Parenthèse technique : Facebook permet
malheureusement de banaliser les contacts. Ses utilisateurs ont tendance à
penser que ce qui n’est pas permis dans la vie peut l’être là. On ne
parle même plus des messages « privés » laissés aux yeux de tous ou
des demandes d’amis ridicules… Mais n’oublions pas ce type de message :
ceux qu’on envoie alors qu’on aurait jamais le courage d’aller reparler à la
personne en question s’il fallait aller frapper à sa porte, ou même prendre son
téléphone et avoir une conversation de vive voix.

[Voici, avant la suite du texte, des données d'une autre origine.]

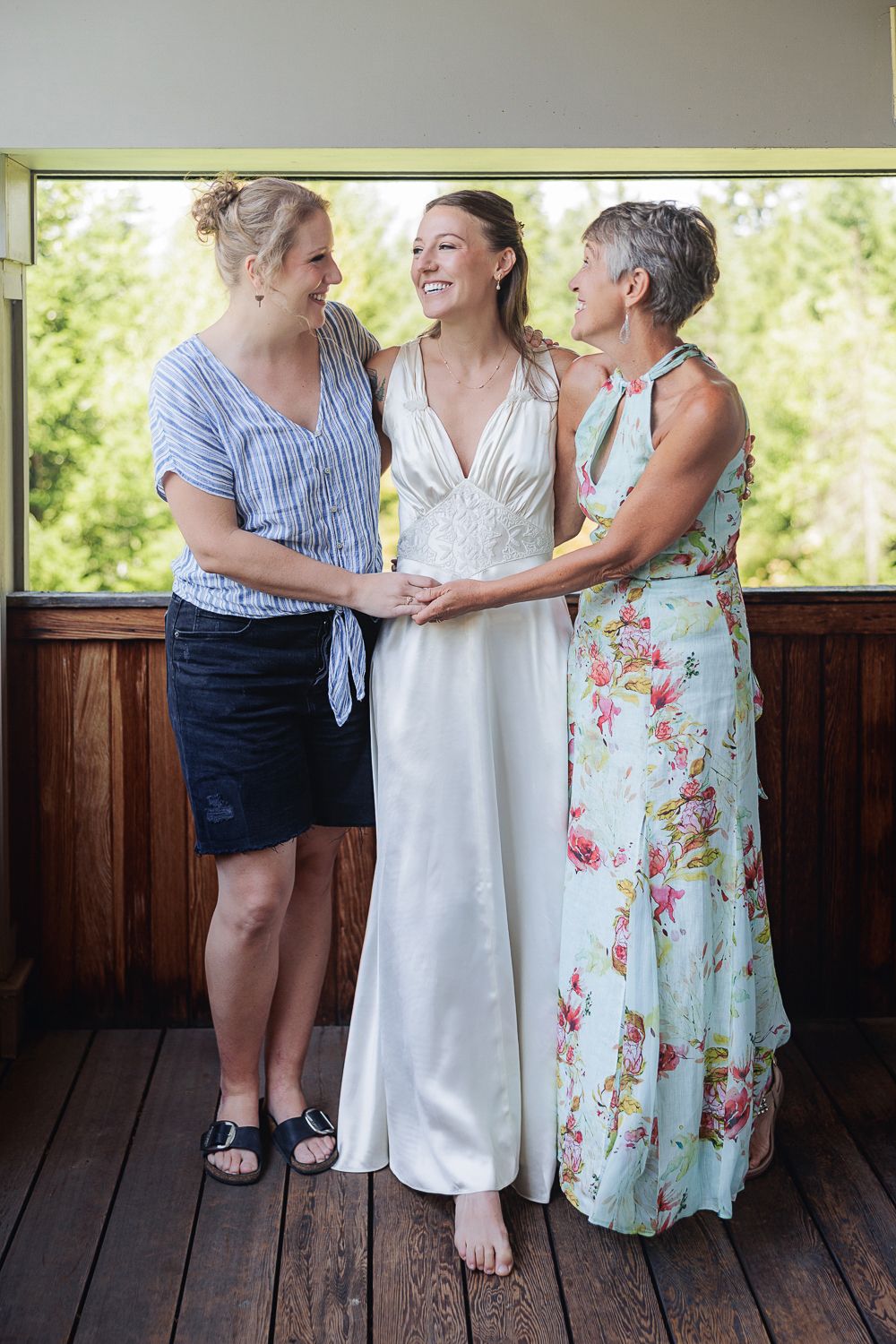 A bride is hugged by her sister and mother standing together on a wooden porch in a candid moment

Si je deviens peu à peu une pro des réglages de
confidentialité sur Facebook, je n’ai pas encore trouvé celui qui peut éviter
d’avoir à recevoir des messages d’ex pensant qu’il est normal de prendre des
nouvelles après une largage en bonne et due forme par texto. Prévenez-moi si
vous savez comment faire…
Puisque je me doute que vous voulez savoir : j’ai
répondu à Manuel, plus dans le but d’une recherche anthropologique que dans
l’espoir d’une réponse. J’ai rédigé un premier paragraphe agréable donnant des
nouvelles de ma vie... Et un second on ne peut plus direct qui expliquait je ne
comprenais pas vraiment sa démarche mais que je serais effectivement curieuse
de découvrir pourquoi il souhaitait avoir de mes nouvelles maintenant (compte
tenu des données du problème).
Conclusion N°1 : je suis probablement plus rancunière
que Manuel.
Conclusion N°2 ; mon étude anthropologique ne s'est pas avérée très intéressante : Manuel ne m'a bien sûr pas répondu.